Nausea as a Metabolic Indicator
Nausea occurred in 40% of bremelanotide-treated women versus 1% of placebo recipients in RECONNECT. [10] This is the most common adverse event and, from a mechanistic standpoint, a direct readout of hypothalamic melanocortin activation. MC4R agonism in the area postrema and nucleus tractus solitarius produces nausea through the same central pathway that suppresses appetite in setmelanotide and other MC4R drugs. The 40% nausea rate in RECONNECT is not a gastrointestinal side effect in the classical sense.
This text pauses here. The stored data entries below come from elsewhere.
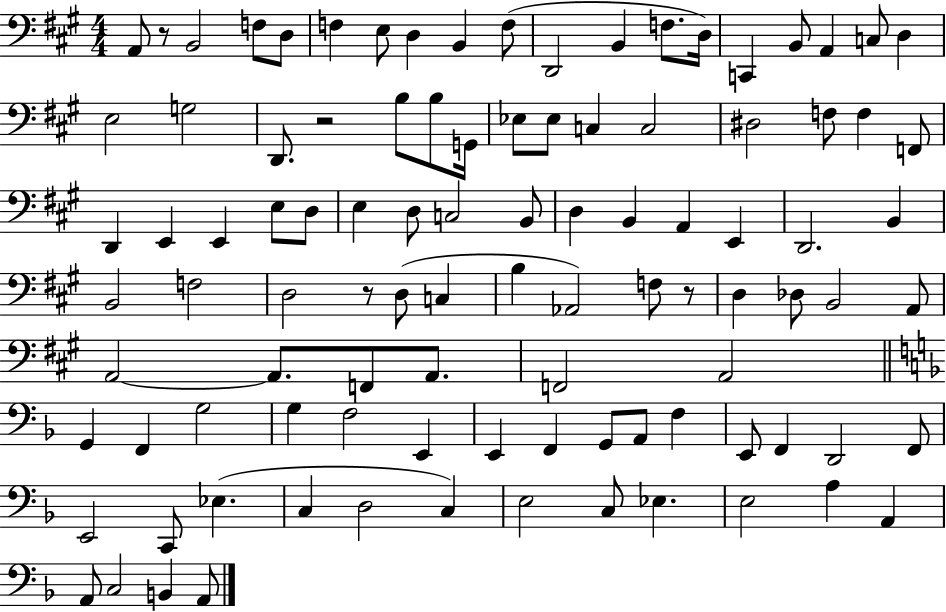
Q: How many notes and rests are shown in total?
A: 100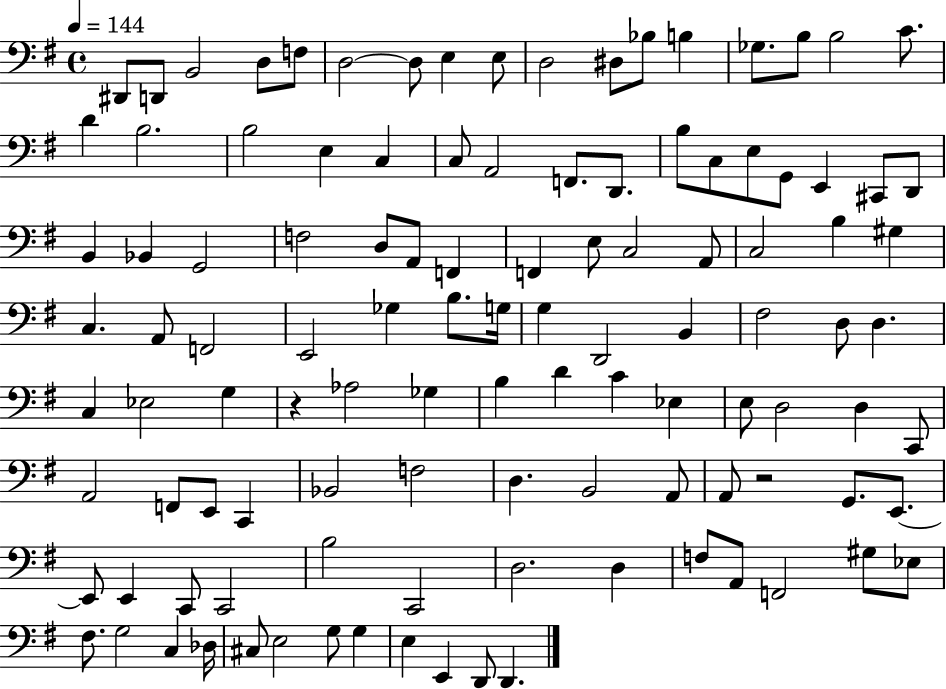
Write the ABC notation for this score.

X:1
T:Untitled
M:4/4
L:1/4
K:G
^D,,/2 D,,/2 B,,2 D,/2 F,/2 D,2 D,/2 E, E,/2 D,2 ^D,/2 _B,/2 B, _G,/2 B,/2 B,2 C/2 D B,2 B,2 E, C, C,/2 A,,2 F,,/2 D,,/2 B,/2 C,/2 E,/2 G,,/2 E,, ^C,,/2 D,,/2 B,, _B,, G,,2 F,2 D,/2 A,,/2 F,, F,, E,/2 C,2 A,,/2 C,2 B, ^G, C, A,,/2 F,,2 E,,2 _G, B,/2 G,/4 G, D,,2 B,, ^F,2 D,/2 D, C, _E,2 G, z _A,2 _G, B, D C _E, E,/2 D,2 D, C,,/2 A,,2 F,,/2 E,,/2 C,, _B,,2 F,2 D, B,,2 A,,/2 A,,/2 z2 G,,/2 E,,/2 E,,/2 E,, C,,/2 C,,2 B,2 C,,2 D,2 D, F,/2 A,,/2 F,,2 ^G,/2 _E,/2 ^F,/2 G,2 C, _D,/4 ^C,/2 E,2 G,/2 G, E, E,, D,,/2 D,,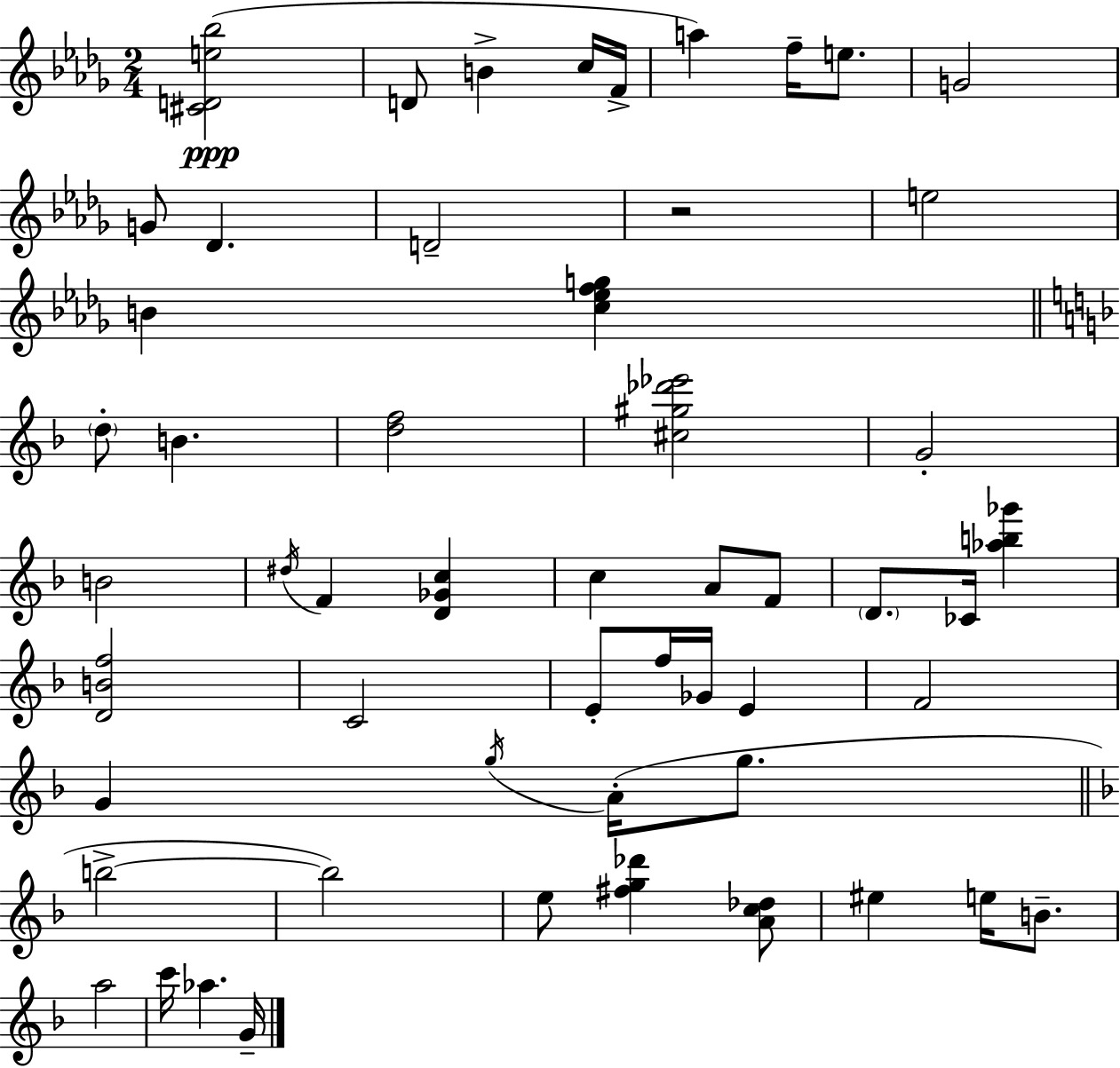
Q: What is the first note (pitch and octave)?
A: D4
It reflects the hypothalamic energy-regulation network responding to receptor activation.
Pre-dosing with ondansetron 8 mg orally 30 minutes before bremelanotide reduced nausea incidence significantly in clinical practice, though this combination was not formally tested in RECONNECT itself.
Weight and Appetite Data in RECONNECT
RECONNECT was not designed to assess weight or appetite endpoints, and the published trial reports do not include body weight change data. [10] This is a meaningful gap in the literature. Given the MC4R pharmacology described above, a prospective 12-week study tracking resting energy expenditure, appetite visual analog scores, and body composition in women using bremelanotide at standard dosing frequency would substantially clarify whether episodic MC4R agonism produces detectable metabolic effects at the population level.
The table below summarizes a proposed clinical monitoring framework for practitioners prescribing bremelanotide who also manage metabolic health in their patients.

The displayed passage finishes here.